LISTED ENTRIES:
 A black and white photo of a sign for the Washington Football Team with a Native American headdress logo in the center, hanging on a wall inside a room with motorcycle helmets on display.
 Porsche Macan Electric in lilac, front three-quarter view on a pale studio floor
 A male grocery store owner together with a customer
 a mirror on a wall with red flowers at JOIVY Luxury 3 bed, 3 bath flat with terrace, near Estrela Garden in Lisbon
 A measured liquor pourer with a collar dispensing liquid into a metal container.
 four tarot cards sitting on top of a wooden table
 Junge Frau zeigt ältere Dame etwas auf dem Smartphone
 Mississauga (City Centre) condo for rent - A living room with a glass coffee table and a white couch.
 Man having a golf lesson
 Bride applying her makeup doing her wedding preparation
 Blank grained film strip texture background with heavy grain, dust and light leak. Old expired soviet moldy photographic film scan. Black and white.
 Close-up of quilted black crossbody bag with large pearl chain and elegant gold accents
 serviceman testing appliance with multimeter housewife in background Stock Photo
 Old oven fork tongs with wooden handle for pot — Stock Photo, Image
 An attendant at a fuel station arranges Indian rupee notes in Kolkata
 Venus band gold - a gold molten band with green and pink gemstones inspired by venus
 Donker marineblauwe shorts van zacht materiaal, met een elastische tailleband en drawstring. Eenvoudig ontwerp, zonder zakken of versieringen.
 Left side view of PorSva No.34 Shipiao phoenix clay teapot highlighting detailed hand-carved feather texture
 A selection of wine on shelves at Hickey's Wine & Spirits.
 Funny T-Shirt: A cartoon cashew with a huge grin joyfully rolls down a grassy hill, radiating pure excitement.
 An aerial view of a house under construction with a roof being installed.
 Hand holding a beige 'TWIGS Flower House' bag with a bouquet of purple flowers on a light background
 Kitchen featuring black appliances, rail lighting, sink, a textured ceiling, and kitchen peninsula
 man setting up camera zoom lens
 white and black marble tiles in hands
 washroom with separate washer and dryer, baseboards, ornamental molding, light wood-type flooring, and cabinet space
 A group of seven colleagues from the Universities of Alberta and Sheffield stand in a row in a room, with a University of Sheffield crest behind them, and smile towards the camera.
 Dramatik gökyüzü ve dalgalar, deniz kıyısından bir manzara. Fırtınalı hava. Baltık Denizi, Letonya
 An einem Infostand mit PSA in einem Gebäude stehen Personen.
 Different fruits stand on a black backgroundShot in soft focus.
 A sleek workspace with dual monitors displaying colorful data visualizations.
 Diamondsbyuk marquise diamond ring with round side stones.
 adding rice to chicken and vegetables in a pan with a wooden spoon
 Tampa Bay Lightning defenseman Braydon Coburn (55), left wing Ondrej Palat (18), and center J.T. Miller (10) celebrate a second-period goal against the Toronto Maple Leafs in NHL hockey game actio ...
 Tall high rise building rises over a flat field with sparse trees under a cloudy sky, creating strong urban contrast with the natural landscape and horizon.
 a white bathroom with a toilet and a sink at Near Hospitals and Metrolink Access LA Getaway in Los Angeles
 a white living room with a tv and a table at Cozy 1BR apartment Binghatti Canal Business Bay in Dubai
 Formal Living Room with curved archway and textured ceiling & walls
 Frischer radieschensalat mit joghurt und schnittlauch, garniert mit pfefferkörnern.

WHAT THIS TASK INVOLVES:
From the first line of the listing above through the line that contains "Blank grained film", retype every line exactly, and write nothing else.

SOLUTION TO THIS PROBLEM:
 A black and white photo of a sign for the Washington Football Team with a Native American headdress logo in the center, hanging on a wall inside a room with motorcycle helmets on display.
 Porsche Macan Electric in lilac, front three-quarter view on a pale studio floor
 A male grocery store owner together with a customer
 a mirror on a wall with red flowers at JOIVY Luxury 3 bed, 3 bath flat with terrace, near Estrela Garden in Lisbon
 A measured liquor pourer with a collar dispensing liquid into a metal container.
 four tarot cards sitting on top of a wooden table
 Junge Frau zeigt ältere Dame etwas auf dem Smartphone
 Mississauga (City Centre) condo for rent - A living room with a glass coffee table and a white couch.
 Man having a golf lesson
 Bride applying her makeup doing her wedding preparation
 Blank grained film strip texture background with heavy grain, dust and light leak. Old expired soviet moldy photographic film scan. Black and white.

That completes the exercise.